MicroMUSE was using a highly customized version of TinyMUSE version 1.7b4. Many of these problems were fixed in version 1.8a4, and in later versions, but MicroMUSE suffered difficulty back-porting these changes into their version of the game.

With the eventual creation of new worlds using TinyMUSE, the attacks on MicroMUSE gradually ceased.

===Alternative MUSE installations===
Alternative TinyMUSE installations began to appear, based on the released version 1.8a4, which led to an argument over who "owned" TinyMUSE. At least one MicroMUSE administrator had fought against allowing other sites to use TinyMUSE as their codebase, and a small power-struggle took place between that administrator (Moulton) and the second primary developer (shkoo), who had taken over from the original primary developer (Jin). The dispute was finally settled, and the newer TinyMUSE version 1.8a4 was released to the public.

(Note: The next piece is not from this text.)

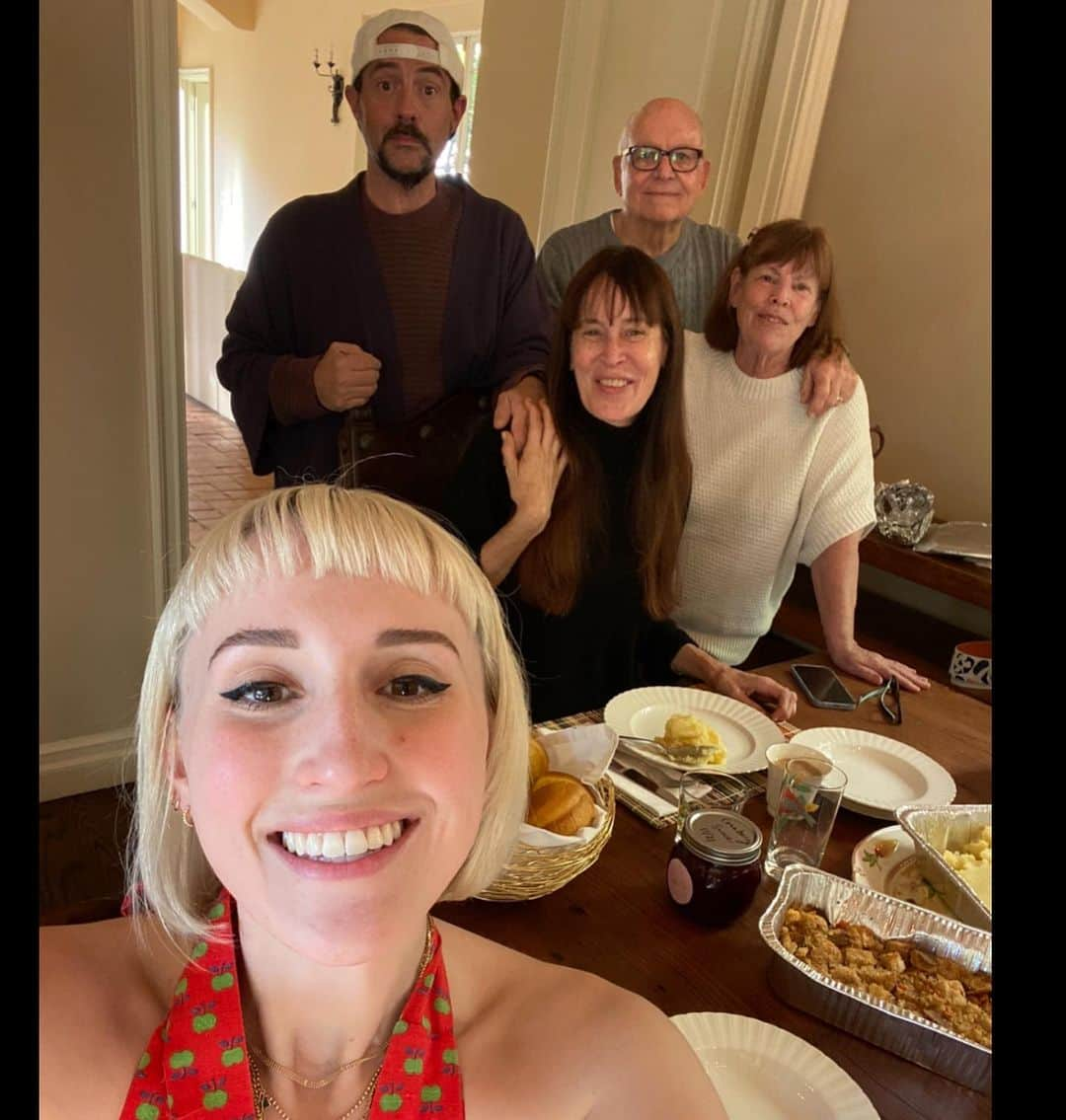 ケヴィン・スミスさんのインスタグラム写真 - (ケヴィン・スミスInstagram)「Happy Thanksgiving, Kids! I had a lovely day with the family, gorging on savory starches! And I couldn’t have afforded that without your continued financial support of my (f)arts and crafts. I’m sincerely thankful anybody still gives a shit about my nonsense, as it’s been nearly 30 years since it all started. If you ever saw me live at @smodcastlecinemas or bought stuff from @jayandsilentbobstash this year, you made this memory possible. I’m incredibly grateful. Also, if you watch Fat Man Beyond, you likely heard me tell the story of how Jen shattered her hip and had emergency hip replacement surgery 3 weeks ago. The good news is she’d mended enough to make it upstairs to the table as well. I gave thanks yesterday, but today? I’m feeling grateful. #KevinSmith #thanksgiving」11月25日 0時50分 - thatkevinsmith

By the end of 1993, computer power was becoming much cheaper. One of the first alternatives, for instance, was run on an AMD 486/dx4-120, "over-clocked" to 160Mhz, with four megabytes of RAM.

Responsibility for the official development of TinyMUSE was never handed back to MicroMUSE.

==Today==
Today's version of MicroMUSE Cyberion's residents are scholars who lived in a unique community dedicated to learning, teaching, and the preservation of knowledge. Dr. Barry Kort was instrumental in setting up MicroMUSE in its modern form, with assistance from Kevin Kane ("Frnkzk").

MicroMUSE / MuseNet received the 1996 National Information Infrastructure NII Award for pioneering innovations in Children's Education via the Internet.

The MicroMUSE Charter and Bylaws (1994) define the history, goals and purposes of MicroMUSE.